La decisione, illustrata dall’assessore all’Ambiente Marco Caruso, è stata condivisa con SEAB e punta a contenere il più possibile l’impatto sulle famiglie, intervenendo allo stesso tempo su recupero dell’evasione ed efficienza del servizio.
Per un nucleo di tre persone la maggiore spesa sarà di circa 5 euro all’anno. La tariffa complessiva resterà inoltre competitiva rispetto ad altri territori: per la stessa tipologia familiare la spesa si attesta a circa 250 euro annui, contro una media nazionale di 340 euro e una media del Nord Italia di circa 290 euro.
«Abbiamo scelto di non utilizzare tutto il margine disponibile – ha spiegato Caruso – e di recuperare risorse anche attraverso il contrasto a chi non paga o non versa correttamente la tariffa».
Un’attività di verifica già avviata sta facendo emergere diverse situazioni irregolari. Tra i casi citati dall’assessore, su 264 B&B controllati, 62 sono risultati completamente sconosciuti per quanto riguarda la gestione dei rifiuti, mentre 90 non pagavano la tariffa prevista per gli affittacamere. I controlli proseguiranno coinvolgendo anche le attività economiche e le utenze che, attraverso l’incrocio delle banche dati, risultino non correttamente registrate.
Parallelamente il Comune rafforzerà la lotta all’abbandono dei rifiuti.
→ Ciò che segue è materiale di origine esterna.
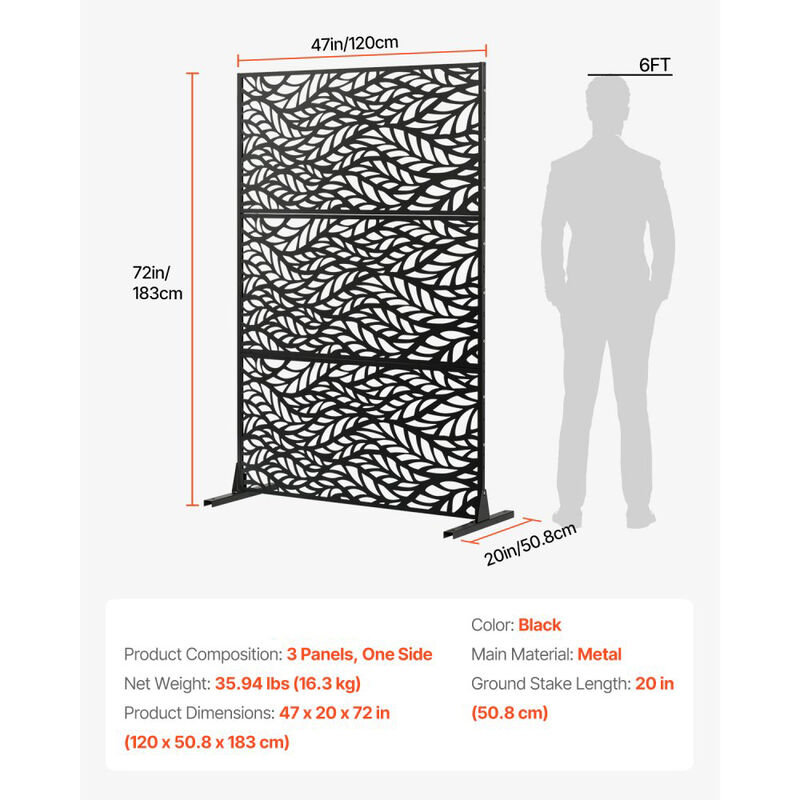 Outdoor Metal Privacy Panels Freestanding 3-Panel Decorative Garden Divider-Black image number 2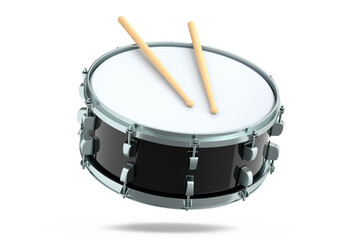 Realistic drum and wooden drum sticks on white. 3d render of musical instrument - obrazy, fototapety, plakaty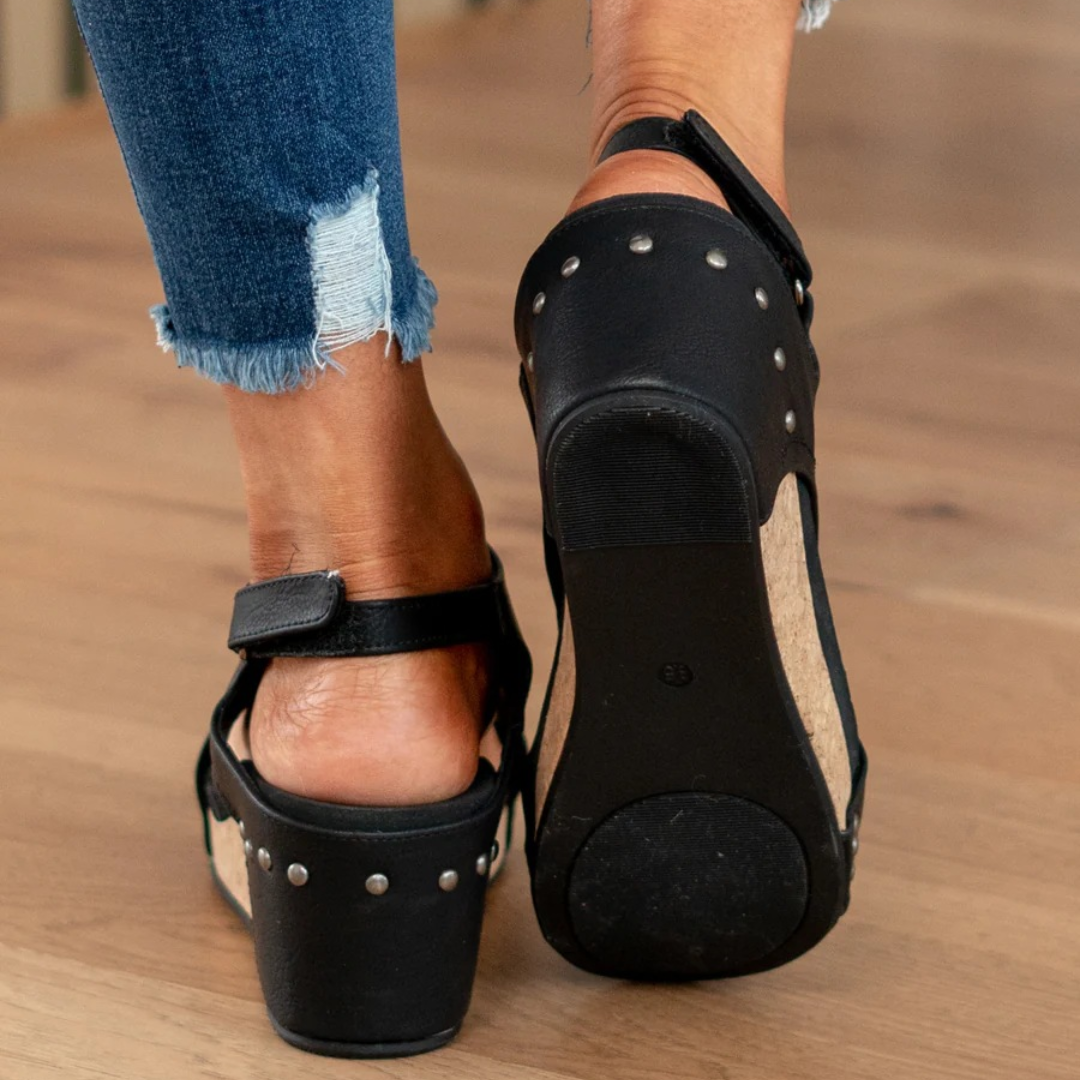 Linda - Suede Wedge Platform Sandals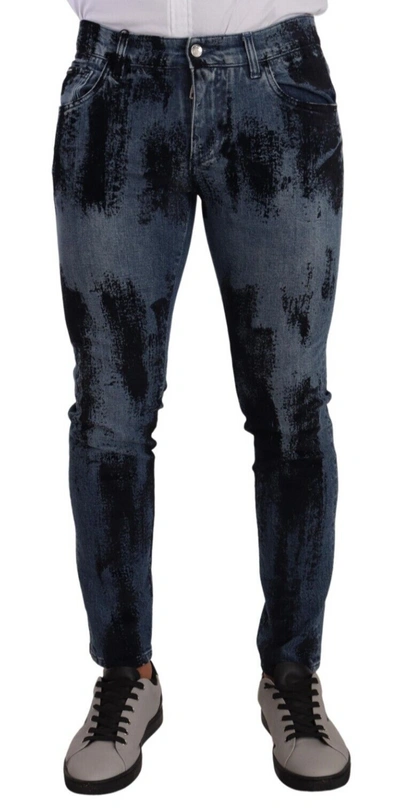Shop Dolce & Gabbana Blue Black Cotton Skinny Denim Men's Jeans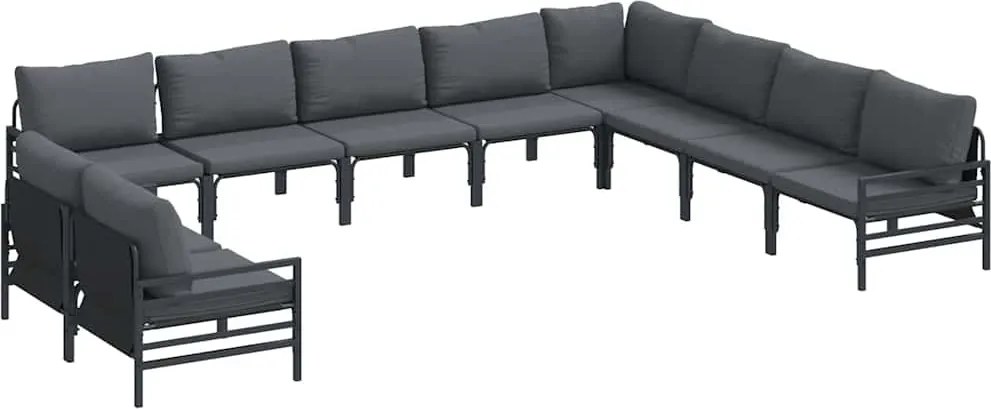 vidaXL Set de canapele pentru grădină cu pernă 10 pcs Negru Oțel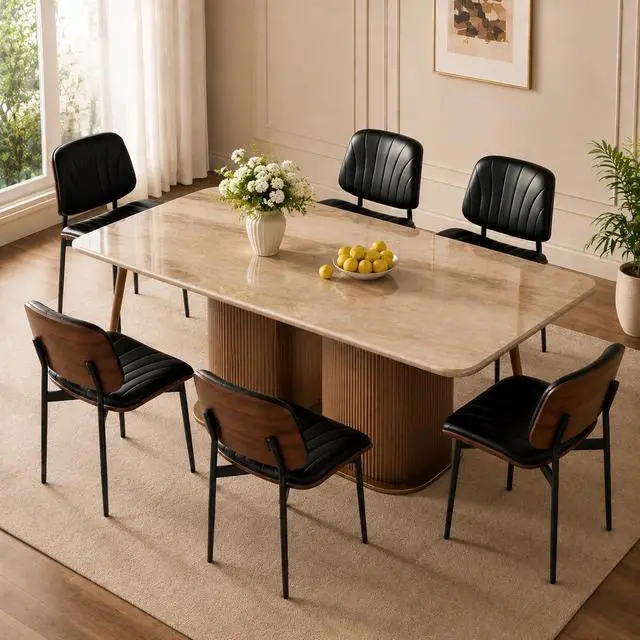 Alt view image 3 of 7 - REONEY Dining Chairs Set of 4, Mid-Century Modern Kitchen Chairs, Black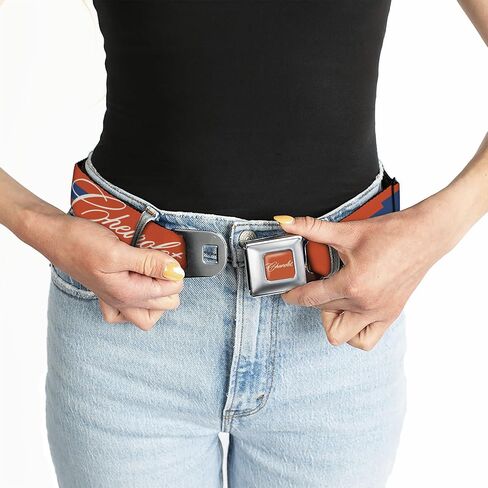 Chevy Belt, Seatbelt Buckle Belt, Chevrolet Script and Bowtie Orange White Blue, Adjustable in Kuwait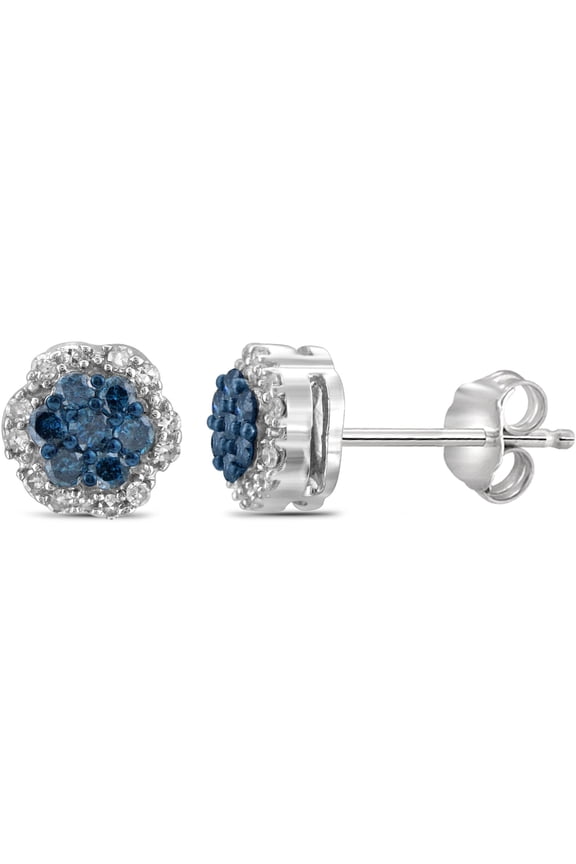 1/4 Carat T.W. Blue And White Diamond Sterling Silver Stud Earrings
Le telecamere dedicate ai controlli passeranno da 12 a 15 e saranno posizionate in maniera più mirata, sulla base delle zone e degli orari maggiormente interessati dal fenomeno.
«I costi della pulizia non possono ricadere sulla collettività», ha sottolineato Caruso. Quando il responsabile sarà individuato, oltre alla sanzione saranno quindi richieste anche le spese per pulizia e ripristino.
Per il sindaco Claudio Corrarati, la strategia punta a mantenere un servizio di qualità senza trasferire integralmente sui cittadini l’aumento dei costi, recuperando invece risorse attraverso controlli più efficaci e il rispetto delle regole.